Despite these studies that imply a relationship of interviewer, survey experience, and survey outcomes, no further efforts have been taken to explain the role of the interviewer in providing a pleasant survey experience. Thus, Pickery et al.’s (2001) argument that interviewers may influence the pleasantness of interviews (which may then affect participation and measurement quality) has thus far not been tested directly.
This study addresses this gap by investigating whether interviewer effects on respondents’ subjective assessment of the interview exist and how they can be explained. Our analysis is based on data from the German Family Panel (pairfam), a panel study with annual personal interviews (Brüderl et al. 2022a). Each year, at the end of the computer-assisted personal interview (CAPI), respondents are asked to rate how they enjoyed the interview. We use this interview assessment as a dependent variable and apply multilevel models to detect interviewer effects. Further, we attempt to explain these effects using data from an interviewer survey, focusing on interviewers’ demographic characteristics as well as attitudes and behaviors.
Background and Literature
How are respondents’ perceptions of an interview formed? Applying self-determination theory (Deci and Ryan 1985), respondents’ needs for competence, autonomy, and social relatedness must be fulfilled for an enjoyable interview experience. The same influence factors can be listed as in the decision to participate in a survey (Groves et al. 1992): societal-level factors, survey design, respondent and interviewer characteristics, and respondent–interviewer interaction. Interviewers play a role by establishing a relationship, explaining the survey, and providing guidance and assistance during the interview. In the following, we explain mechanisms through which interviewer effects on interview pleasantness may arise, building on the literature on interviewer effects on various survey outcomes that may be related to interview pleasantness.
Interviewer gender is often included in analyses of interviewer effects. Compared to male interviewers, female interviewers are perceived as “friendlier” (Fowler and Mangione 1998) and less threatening (Axinn 1989). Some authors argue that respondent–interviewer gender match may be more important than interviewer gender per se, as the theory of liking suggests that individuals prefer interactions with people similar to themselves (Groves et al. 1992). However, evidence is mixed, with some studies finding beneficial effects of gender matching on outcomes such as unit and item nonresponse (Catania et al. 1996; Tu and Liao 2007), while others find no or only partial support (Bruckmeier et al. 2015; Vercruyssen et al. 2017; Wilson et al. 2016). Taken together, these findings suggest that female interviewers' interviews may be perceived as more pleasant, particularly by female respondents due to the gender matching effect.

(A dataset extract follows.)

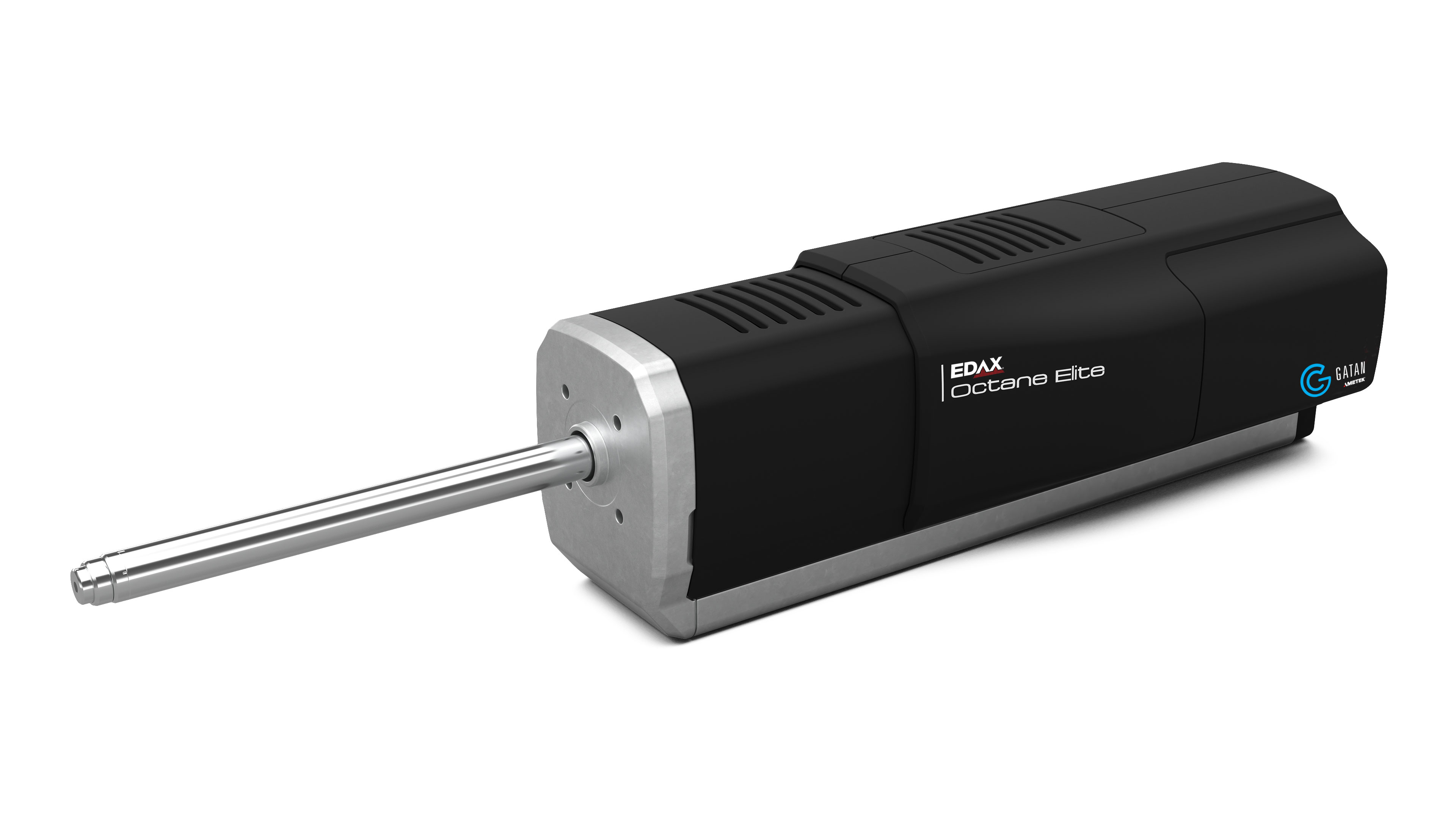 EDAX Octane Elite Ultra EDS system.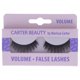 thumbnail image 1 of Carter Beauty Pestañas Pestañas postizas - Volumen 1 Pair Carter Beauty Carter Beauty Eyelashes 1 Pair, 1 of 4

A second characteristic included in many studies is interviewer age. On the one hand, older interviewers may have more difficulties reading questions aloud (e.g., due to small font size) or handling electronic devices needed for CAPI interviews (West and Blom 2017). On the other hand, older interviewers may be more experienced and feel more comfortable with the interview situation (Cleary et al. 1981). Accordingly, empirical evidence is mixed (West and Blom 2017). For instance, older interviewers were found to collect smaller reported personal networks (Brüderl et al. 2013; Josten and Trappmann 2016) and gain less consent to data linkage or approaching secondary respondents (Korbmacher and Schroeder 2013; Schröder et al. 2016). Other studies suggest a positive link between interviewer age and factors such as survey precision (O’Muircheartaigh and Campanelli 2002) and completeness (Berk and Bernstein 1988). It is thus unclear whether interviewer age may affect interview pleasantness.
Moreover, interviewer education may play a role. For instance, higher educated interviewers may be better able to help respondents with difficult questions (Johann and Mayer 2021). Interviewers with higher education were found to achieve higher cooperation rates and higher consent rates to data linkage in some studies (Haunberger 2010; Korbmacher and Schroeder 2013), but in others not (Pickery and Loosveldt 2002; Sala et al. 2012). As with gender, the mechanism may be educational matching rather than level of education per se (Durrant et al. 2010; Lord et al. 2005; Tu and Liao 2007). Accordingly, we test both interviewer education and matching of interviewer and respondent education.
Interviewer experience may also contribute toward a more pleasant interview. More experienced interviewers were found to be better able to respond to interviewees' needs, resulting in better tailoring (Groves and Couper 1998). In CAPI interviews, less experienced interviewers may have difficulties handling the devices, which may disturb the interview progress. However, interviewers may become more careless in their administration of the questionnaire over time (Olson and Peytchev 2007). While the latter may compromise data quality, all in all a positive effect of interviewer experience on interview pleasantness can be expected.
Following prior research (Berk and Bernstein 1988; Jäckle et al. 2013; Pickery et al. 2001), we assume that interviewer performance, and hence interview pleasantness, is not (only) a function of characteristics such as experience or sociodemographic factors, but rather a culmination of the interviewers’ motivation, attitudes, and behavior during the interview.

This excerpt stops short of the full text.